Work request => With pictures left out, please repeat word for word the lines from the one containing "red apple fruit" through the end of the records.

Task inputs =>
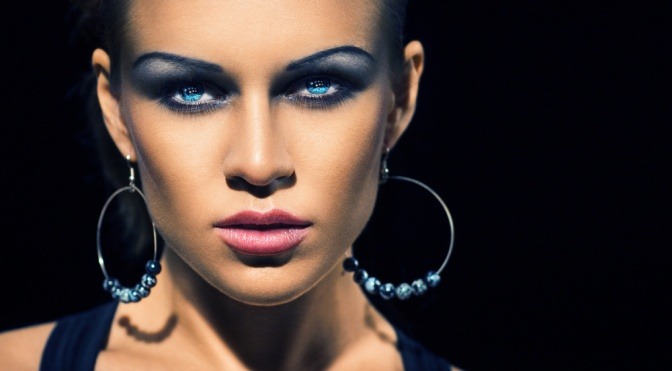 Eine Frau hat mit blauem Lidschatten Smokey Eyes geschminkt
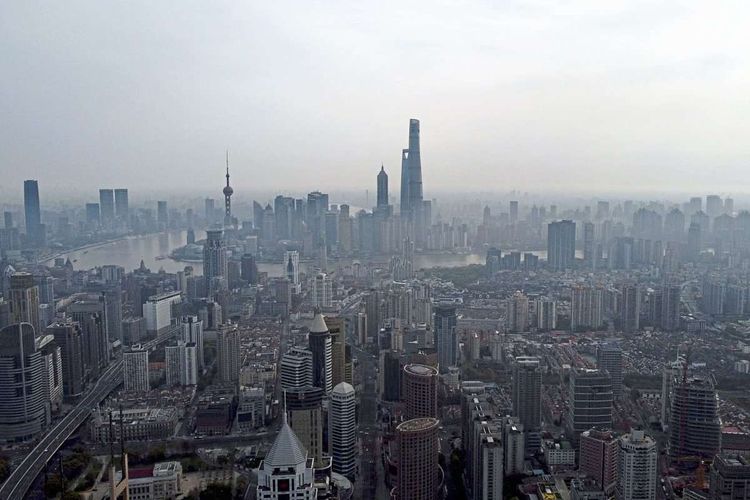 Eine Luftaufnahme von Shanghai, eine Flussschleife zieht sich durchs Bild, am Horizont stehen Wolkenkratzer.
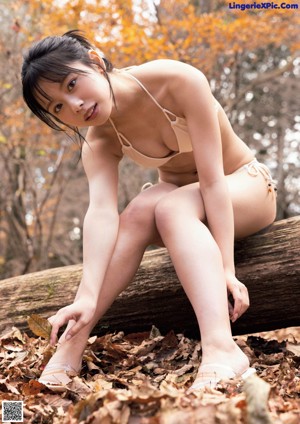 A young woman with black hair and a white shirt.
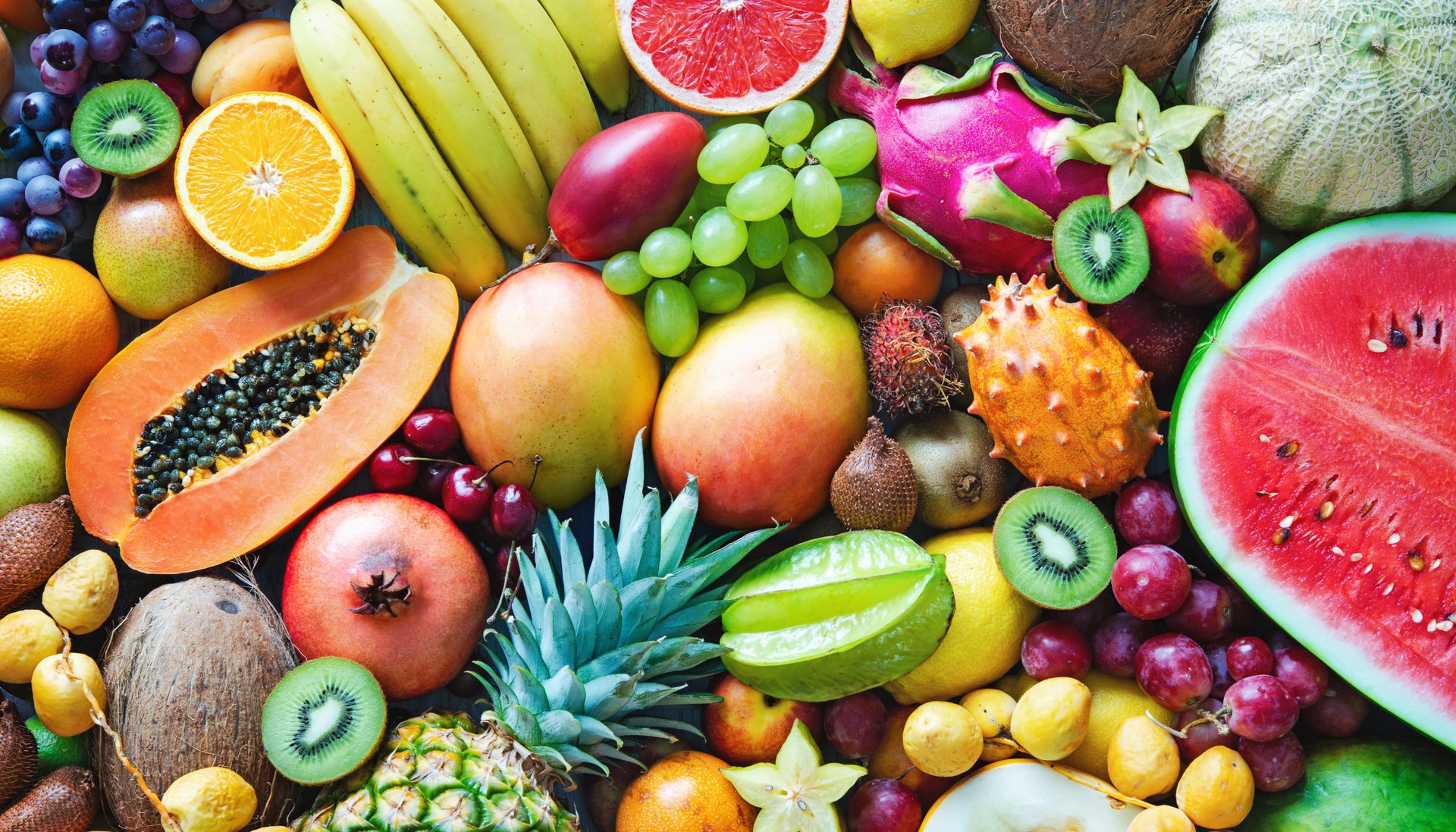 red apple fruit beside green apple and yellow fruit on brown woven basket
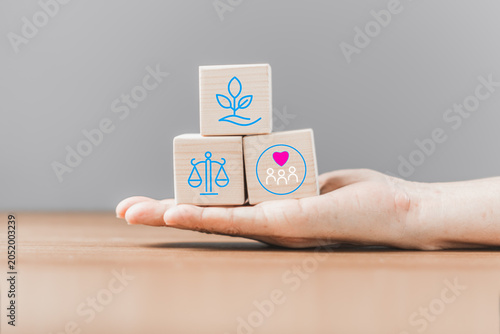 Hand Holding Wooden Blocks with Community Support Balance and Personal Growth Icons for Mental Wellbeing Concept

Solved problem =>
 red apple fruit beside green apple and yellow fruit on brown woven basket
 Hand Holding Wooden Blocks with Community Support Balance and Personal Growth Icons for Mental Wellbeing Concept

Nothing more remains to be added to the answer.